At the Battle of Antietam (September 17, 1862), the Second was again called to assault a well-entrenched Confederate force. Union commander George B. McClellan had tasked Burnside with opening up a southern front to the battle to divert Confederate forces from a simultaneous attack taking place on the north end of the field. Burnside attempted to throw his corps across Rohrbach's bridge, a small stone crossing henceforth known as "Burnside's Bridge." The crossing was defended by 400 Georgians under the command of Confederate Brig. Gen. Robert Toombs, whose men had dug themselves into the 100-foot high wooded bluff which overlooked the west side of the bridge. After one abortive attempt to take the bridge with Col. George Crook's Ohio Brigade—which resulted in skirmishers of the 11th Ohio Infantry taking 139 casualties—Burnside ordered Nagle's brigade to assault the position. After traveling for several hundred yards down a road running parallel to the creek, and open to flanking fire the entire way, Nagle's brigade, with the 2nd Maryland and 6th New Hampshire in the vanguard, broke before reaching the bridge. The Marylanders sustained 67 casualties out of an active force of less than 300 men. They fell prey to the Confederate sharpshooters and artillery, and the attack fell apart.
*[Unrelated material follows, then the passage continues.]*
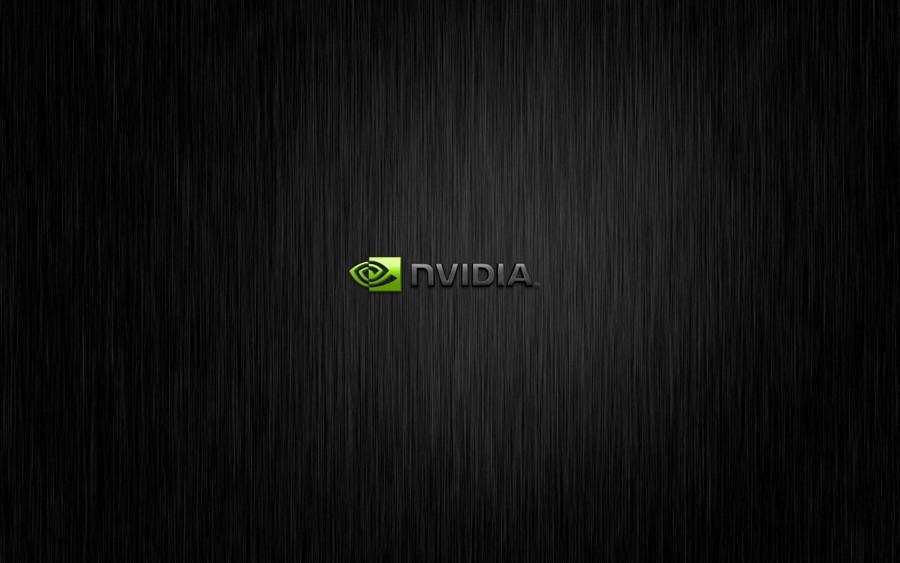 Classic Black Nvidia Hd Wallpaper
After Antietam, the regiment's acting commander during the engagements at Second Manassas and Antietam, Lt. Col. Jacob Duryée, resigned after the Second's appointed commander, Thomas Allard, reported for duty. By this time, the regiment numbered less than 150 men out of the 900 that had left Baltimore less than a year earlier.
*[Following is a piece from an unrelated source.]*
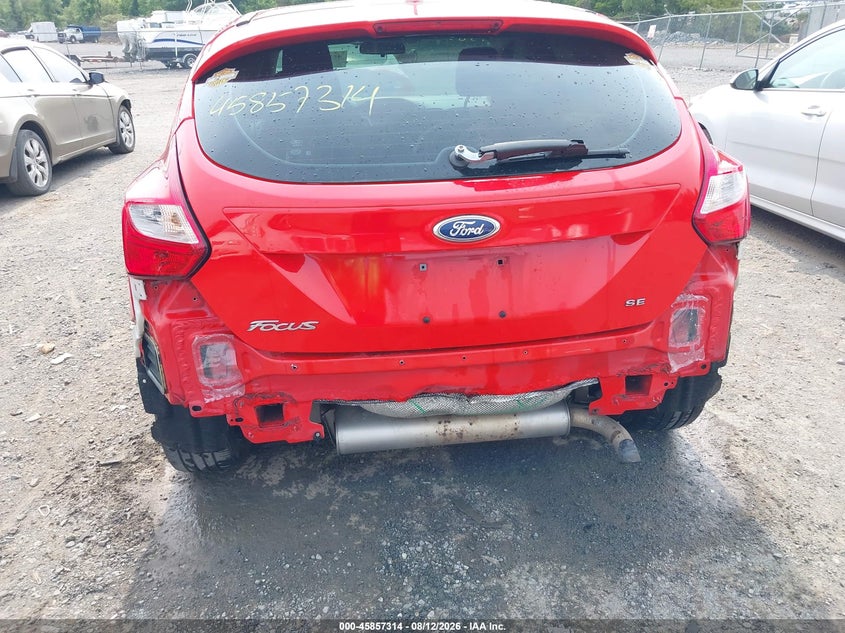 2012 FORD FOCUS auction photo 6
===Fredericksburg and Knoxville===
The Second saw limited action at Fredericksburg, where they were held in reserve for most of the day before making a late assault on a stonewall at the base of Marye's Heights manned by Confederate forces. After receiving a withering fire, the Second called off the assault and lay on the field and continued firing until relieved after dark.

Many of the 2nd Infantry's surviving members were captured during the Siege of Knoxville on November 17, 1863, and sent to the infamous Andersonville Prison in Andersonville, Georgia.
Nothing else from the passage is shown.